Closest pair of points (CLRS pg 1043): Running time of splitting a sorted array into two sorted arrays

Question

In finding the closest pair of points in O(nlgn) time, the pseudocode for splitting a sorted list into two sorted lists (CLRS 3rd ed pg 1043) is said to run in O(n) time.

However, this assumes that line 4 runs in constant time, which I find hard to believe (I'd assume it runs in O(lgn) time if it were stored as a binary tree, giving a total running time of O(nlgn).

Y is a sorted array, YL and YR are the two new sub-arrays.

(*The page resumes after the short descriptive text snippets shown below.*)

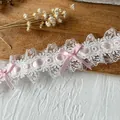 Liga Lolita de encaje blanco con cinta de satén rosa y detalles de lazos finos - Rosa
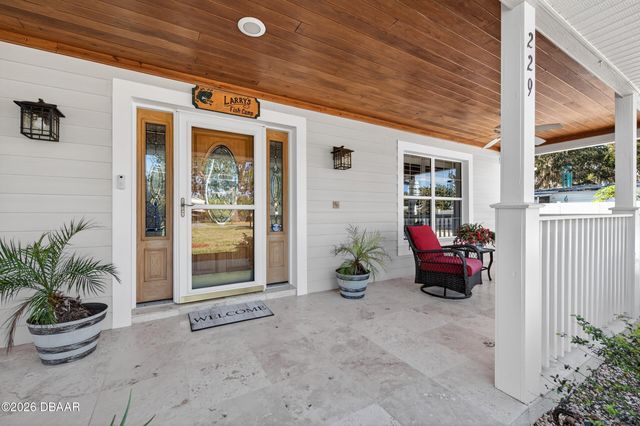 229 Randle Avenue, Oak Hill, FL 32759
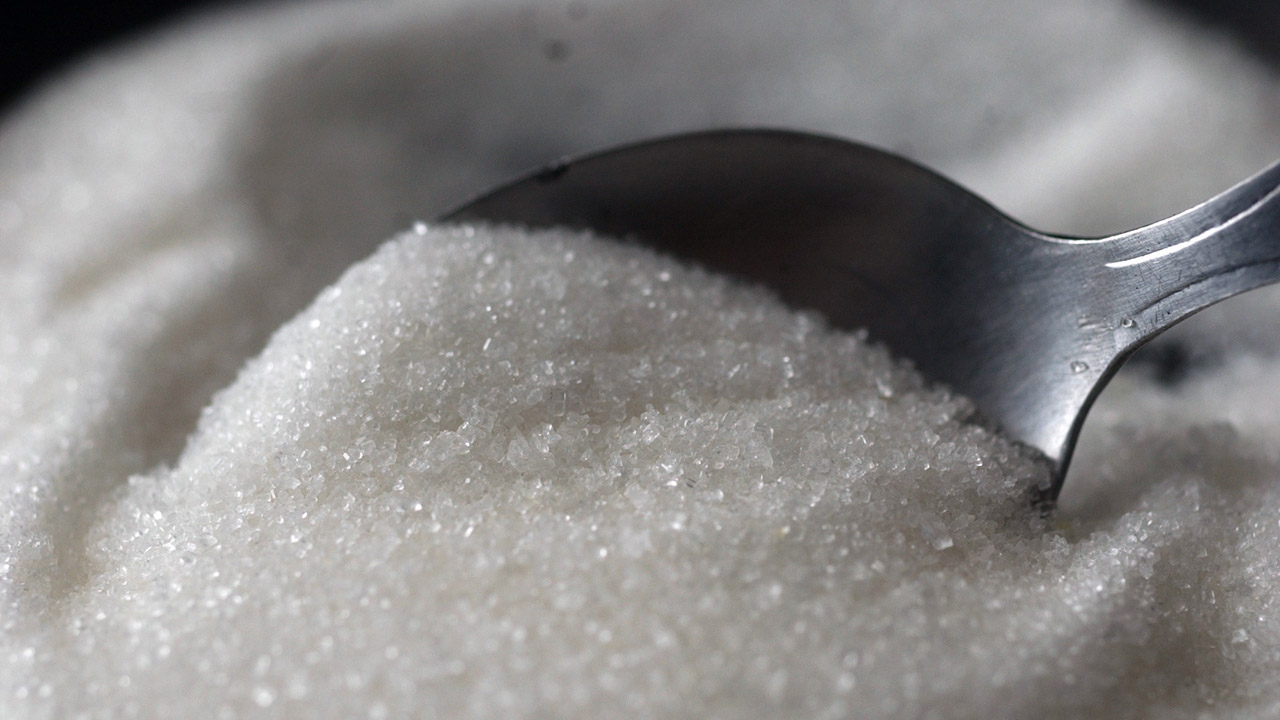 La Organización Mundial de la Salud advirtió que es importante reducir el consumo de azúcar y debido a esto es necesario saber dónde se aloja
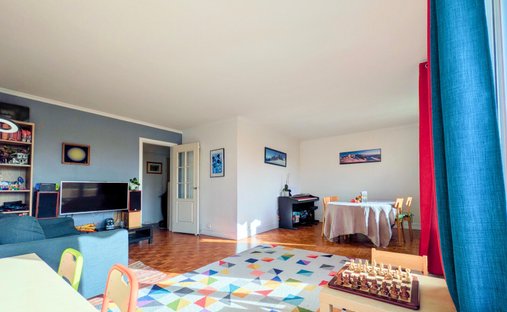 Château For Sale, 15 Rooms Le Vesinet 78110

PL is a subset of Y in random order, and YL is the same subset, but in sorted order.

Where am I going wrong with my reasoning?

Answer 1

For simplicity sake we're assuming the list is of integers and not strings or integers which can complicate things greatly here.

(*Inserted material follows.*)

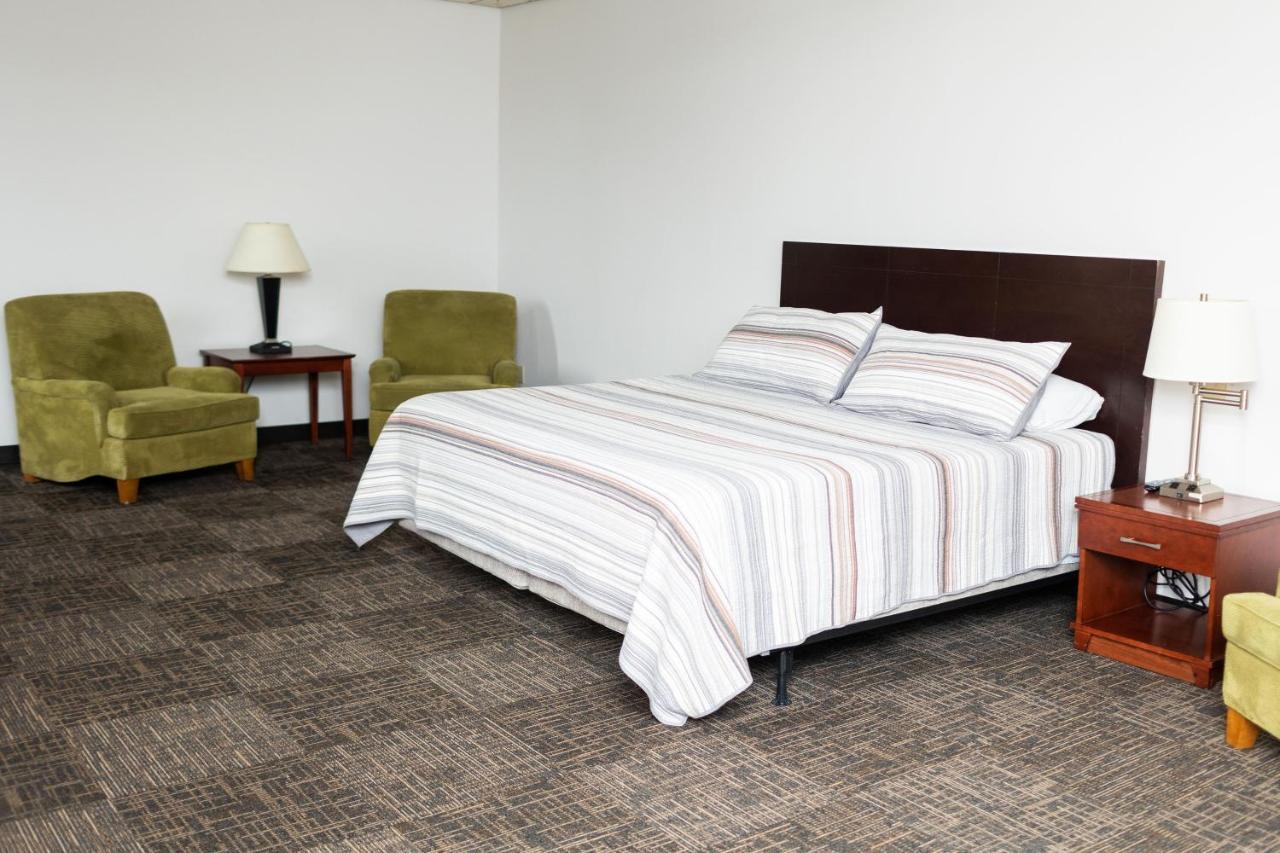 Mountain View Lodge Clifford Екстер'єр фото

There are two calculations to consider here:

1. for loop: This runs for length of Y times, which I'm assuming is N here
2. the tricky part - comparison of Y[i] with PL(Note: the comparison of two numbers is constant if we consider them to be of word size). Now, accessing Y[i] is constant since we're dealing with Random Access Machines. However, to compare it with an array PL of length, say, k will take k time. If this k is very small and independent of the size of input array Y, this ideally would be constant.

To write it with greater precision would mean you consider the time taken for k comparisons (length of PL) and hence, the total time of this pseudo code would be O(Nk). But, if the assumptions that k is random and independent of N hold true, it really is O(N)

Answer 2

I don't know how it is supposed to work in the book, but thinking about the way the algorithm looks like, you can come up with the following idea:

• Y[i], X[i], YL[i], XL[i], YR[i] and XR[i] are integers, corresponding to the index of the ith-point (so you just have to store some global array which, given the index, returns the x or y coordinate).
• PL[i] is a boolean, true if the i-th point is in the left part, false otherwise.

At each recursion step, you can compute PL[i] using y coordinates (O(n) time). Then you separate the set of points in two sets "left" and "right" using the algorithm from the book, replacing the line if Y[i] in PL by if PL[Y[i]] (such access is O(1), so in overall we get O(n)).

This has O(n) time complexity and uses O(n) memory.

Thus the closest pair problem is solved that way in T(n) = O(n log n).